In 2018, I moved to London to take up a position as a geography lecturer at King’s College London. Getting to know the city and its people has been exciting and rewarding. The parks, buildings, bustling markets, overlapping systems of public transit, and the flows of people from all over the world all feed my natural geographical curiosity about how social relations and patterns are expressed spatially.

What is the area of your research?

I write about the geopolitics of large infrastructures. My dissertation examined government documents, diplomatic archives, and expert interviews to critically revaluate the Indus Waters Treaty of 1960, a celebrated treaty in the interdisciplinary field of transboundary water studies. I examined the geopolitical and political implications of the massive infrastructural development program that accompanied the treaty – the Indus Basin Plan. This plan was, at the time, the world’s largest and most expensive integrated civil engineering programme.

Over the 1960s and 1970s, a suite of hydraulic infrastructures was constructed across the Pakistani landscape – including two dams still among the largest in the world. My dissertation examined how the treaty and the accompanying plan reconfigured geopolitical and economic relations at two scales: between Pakistan and India, and between the provinces of the Pakistani federation.

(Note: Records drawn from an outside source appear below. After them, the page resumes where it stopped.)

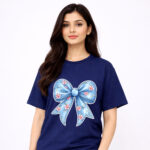 Floral Blue Bow T-Shirt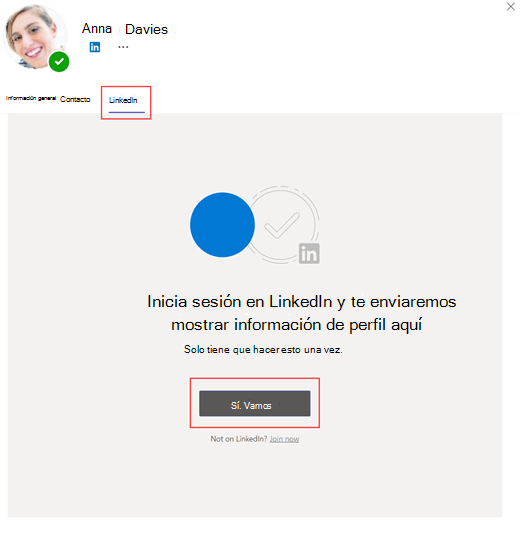 Pestañas de perfil gratuitas de Microsoft Pestañas De información general de Contacto de LinkedIn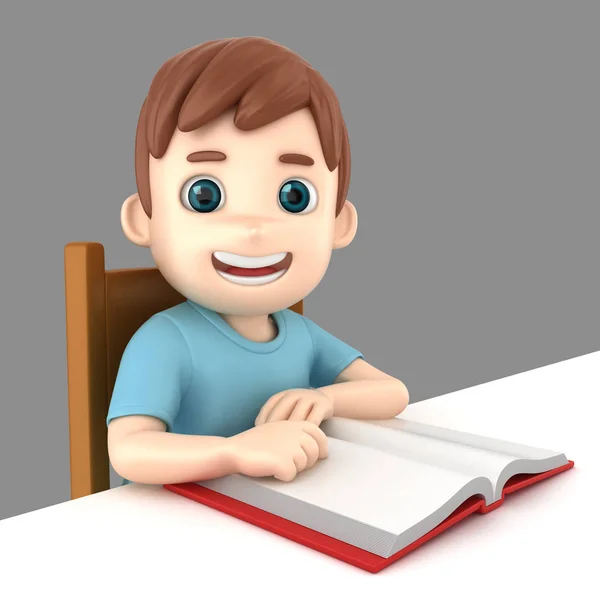 Illustration Boy Reading — Stock Photo, Image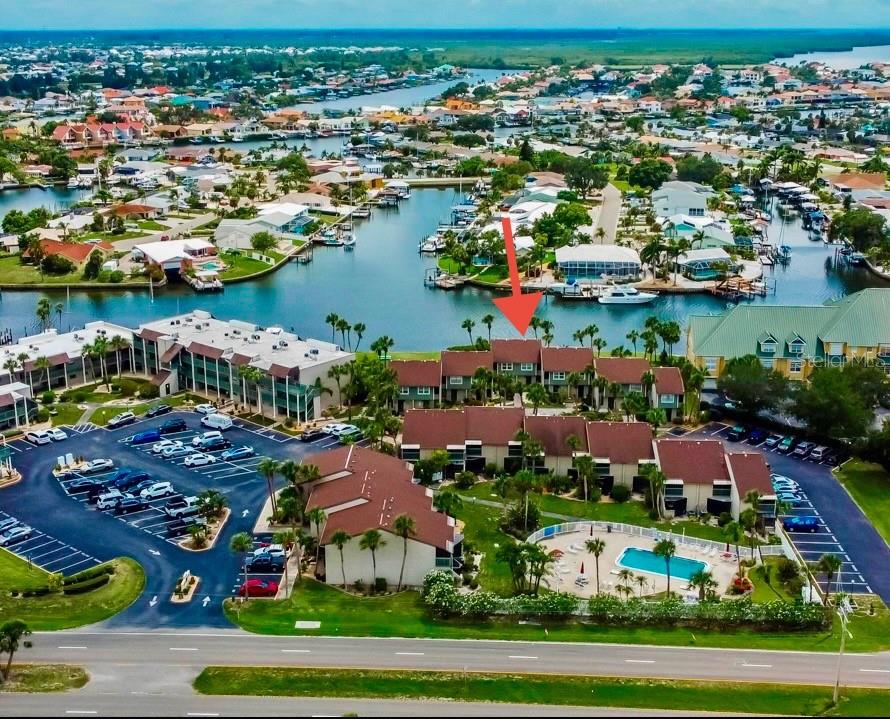 A paved walkway leads past palm trees and landscaping toward the entrance of a townhouse — 1028 APOLLO BEACH BOULEVARD UNIT 11, APOLLO BEACH, FL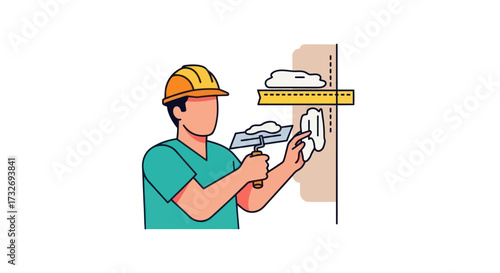 Construction worker in a hard hat applying plaster to a wall.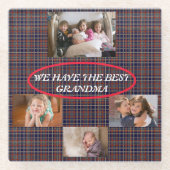 Beste Oma White Schriftart 4 Fotos Karierter Hinte Glasuntersetzer (Vorderseite)
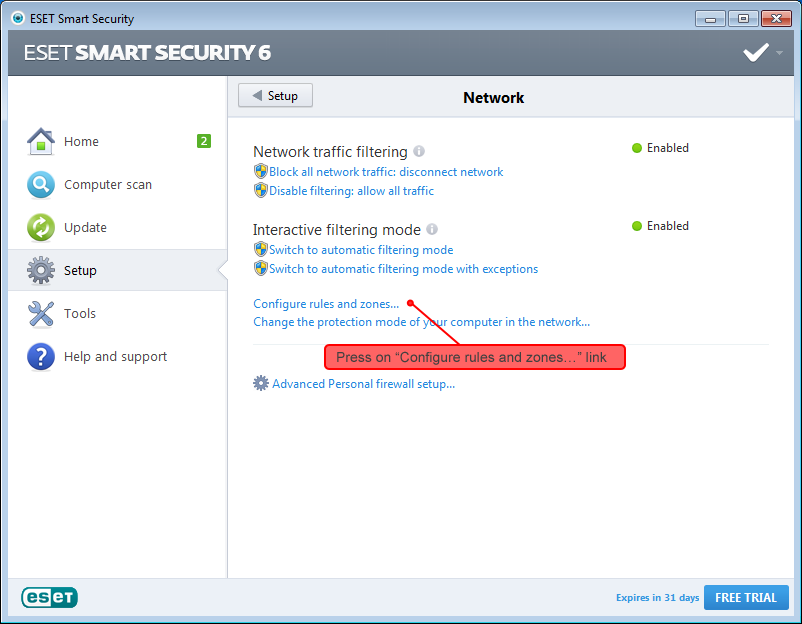 ESET Smart Security settings 2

More recently, I have been taking my research to another scale: the continental. I’m interested in how large inter-regional infrastructures have shaped the development programmes and imaginative geographies of a succession of imperial powers in Asia. Britain, Japan, the US, and most recently China have all tried to imagine Asia as an imperfectly integrated region that could be rearranged through the construction of a variety of large physical infrastructures, such as ports, railways, highways and energy networks. To date, I have visited nine archives in five countries to learn how and why state planners, technicians and diplomats imagined and planned the making of a world region through large infrastructures.

What is the importance of this research?

My research is provoked by, and attempts to respond to, geopolitical controversy. My dissertation was in part an attempt to develop an ecological and inter-scalar dimension to a long-standing debate in Pakistan about uneven power dynamics between the country’s provinces. My current research on inter-Asian infrastructures was prompted by a political debate in Pakistan about the infusion of Chinese capital into the country, under the umbrella of the China-Pakistan Economic Corridor (CPEC). Would this flood of capital be good for the country’s economy and political development – or would it lock Pakistan into a dependent and damaging relationship to a stronger power? As I began to investigate the operations of Chinese infrastructural capital, I realised that these debates were happening all over Asia, and indeed across much of Africa and Latin America.

This research is important because too often debates around international relations and geopolitics occur without considering how historical geography, uneven power relations between regions and classes, and cultural politics shape the way infrastructures are imagined, implemented, and received. My goal with the book that comes out of this research, tentatively titled ‘Mastering geography: Empire, infrastructure, and the making of a world region’, is to offer an account of infrastructure-led development that is historically nuanced, spatially sensitive, and attentive to the uneven political geography of power.